Even with inflated 3D and IMAX ticket prices, the feat Alfonso Cuaron's "Gravity" achieved this weekend cannot be diminished. The expected best picture nominee grossed $17.5 million on Friday, but on Saturday it jumped to a higher than foreseen $23 million. That has earned the Warner Bros. release a weekend estimate of $55.5 million, a record opening for the month of October.

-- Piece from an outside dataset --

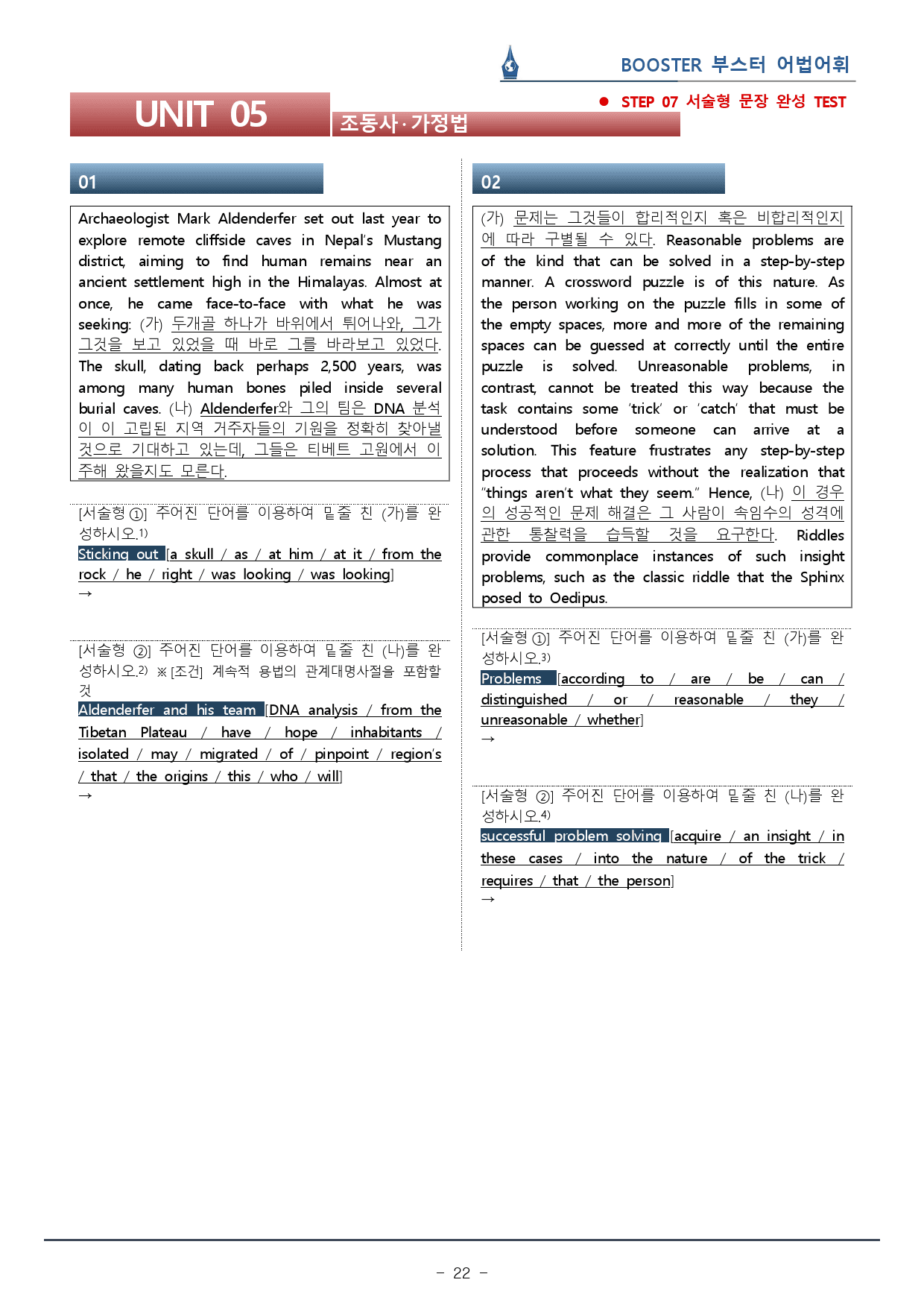 2023 부스터 어법어휘_UNIT 05 조동사 가정법_워크북(29p) _preview_22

Interest in "Gravity" was strong before release with both tracking services predicting a debut in the $35-39 million range. Other studios were confidently betting a $40 million opening, but $50 million plus?  That was a surprise. Unlike a horror film such as previous October record holder "Paranormal Activity 3" or some genre pictures (even superhero tentpoles) whose interest is front loaded by hardcore fans,  the Friday to Saturday jump at this level proves there is very strong word of mouth for the picture.  It also didn't hurt that "Gravity" has been almost universally praised by critics.  It currently has a 96 out of 100 score on Metacritic and 98% fresh rating on Rotten Tomatoes.  How big the buzz grows is still unclear.  Unlike many fall releases, the industry will be watching the weekday numbers to see just how long it will take for "Gravity" to fall back to earth.

As for the weekend's other players, "Cloudy with a Chance of Meatballs 2" dropped to no. 2 with another $21.5 million and $60.5 million to date. The family friendly flick actually weathered the storm caused by "Gravity" quite well and is right on track with the performance of the original "Cloudy" back in 2009.  Based on the lack of family competition for the next month or so it has an excellent shot at hitting $110 million plus domestic.

The third slot when to the already forgettable Justin Timberlake and Ben Affleck thriller "Runner Runner."  Whether 20th Century Fox actually thought this was a good date to open the critically panned film (late August might have worked better) or hoped it would get lost opposite "Gravity" is up for debate. In either case, the $7.6 million debut is significantly below the pre-release polling estimate of $11-12 million.  The studio and financier New Regency will have to hope, like Timberlake's global hit "In Time," it plays much better overseas.  
Arriving in fourth is another Warner Bros. release, "Prisoners."  The festival favorite has actually slowed down a tad more than anticipated taking in another $5.7 million for $47.8 million to date. A final tally of $70 million or so looks about right.

Another well reviewed thriller, Ron Howard's "Rush," dropped to fifth with a $4.4 million weekend and $18 million so far. Universal Pictures and the international financiers behind "Rush" should expect the picture to top out at $30 million at best.

Making a surprise debut in the top 10 was the Spanish and English language romantic comedy "Pulling Strings" with $2.7 million in just 400 theaters for a $6,460 per screen average (second highest in the top 10 after "Gravity").  "Strings" is the second release from Pantelion, a join venture of Lionsgate and Televisia to crack the top 10. The first was "Instructions Not Included" which grossed $38 million, setting a Spanish language record, last month.

Next Friday's new releases include "Captain Phillips," "Machete Kills" and a new version of "Romeo and Juliet" which is debuting in just 450 theaters.

Box office actuals are release on Monday.